Clint Eastwood tells the story of South Africa’s triumph in the 1995 Rugby World Cup, the first World Cup after the end of apartheid. The title, “Invictus” comes from the inspiring poem that Nelson Mandela shared with the team’s captain, Francois Pienaar. The movie is respectful, dignified, and a little dull.

Mandela is played by Morgan Freeman, who shows us the new President’s grace and patience as well as his wisdom in treating everyone — even those who opposed the end of apartheid and believe his presidency is illegitimate — as countrymen, not enemies. He directs his black security detail to work with their white predecessors, and to remind them that it is important to smile at the people you are asking to move. Many people were skeptical that a black man who has spent 27 years in prison can lead a country where the white population had imposed legal segregation on the black citizens, asking “He can win an election. But can he run a country?”

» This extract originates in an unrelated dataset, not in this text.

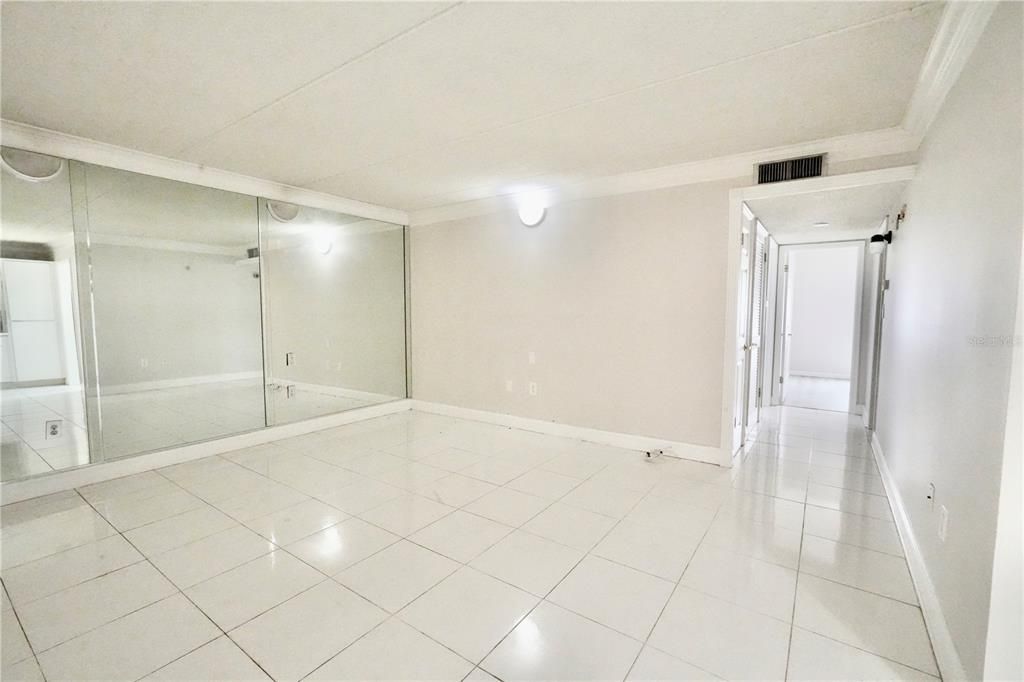На продажу: $167,000 (2 спален, 1 ванн, 950 Квадратных фут)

And even his most loyal supporters wonder if he isn’t being unrealistic and trivial in hoping that a sports team can make a difference. “Unite [South Africa] for something more important than rugby,” one tells him. But the very first scene shows us Mandela, just after becoming President, driving down a road that has a wealthy, well-equipped white team playing on one side and a group of poor black boys in rags playing on the other. He knows that the rugby team can be a powerful symbol of unity and teamwork. He knows that all of the people of South Africa need to feel pride and a sense of shared purpose. He spent 27 years observing the Afrikaans guards at the prison and learning what was important to them. And so, he invites Pienaar (Matt Damon) to meet with him and he begins to memorize the names and faces of Pienaar’s team.

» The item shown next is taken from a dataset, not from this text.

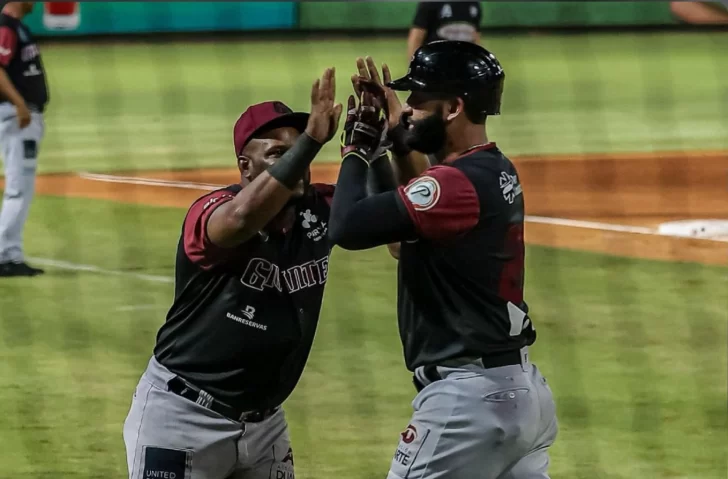 Gigantes ganan 7-4 a los Toros en 15 entradas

Eastwood has a good eye for striking images. While he does not handle the dynamism of the games well, he does make the rugby huddles look like something between a colorful Gordian knot and a many-legged creature. He has a gift for the small moments — a boy loitering near a police car so he can listen to the game on their radio, a housekeeper’s face when she is given a ticket to watch the game. He draws a connection between the two men — both are ferociously dedicated to making sure no one takes what is their away from them, not on their watch, and not today. But the impact is softened with dialog like “It’s not just a game!”

Mandela is such a transformative figure and Freeman such a distinguished actor that we are drawn in. It is impossible not to be stirred when he says, he does not want his followers to prove that they are what the whites feared; “We have to surprise them with compassion, restraint, and generosity.” But for a sports movie it is oddly lacking in momentum. Mandela tells Pienaar that he needs the team to win. We’re pretty sure that if they had not won, there would not be a movie about it (or, if there was, it would not be called the Latin word for “unconquered”). But that means we want to know why. We may get a sense of the way Mandela inspired Pienaar, but how did Pienaar inspire his team? Damon looks very buff and Pienaar seems like a nice guy, but this is rugby, one of the toughest sports on earth. How about showing us a little more ferocity? Some kind of strategy? Some individual personalities for the players? The New Zealand team they have to play in the big match does a little Maori war dance before the game that is more vivid and arresting than anything we see from the team we are supposed to be rooting for. Eastwood tells us this is all very important, but he never really shows us.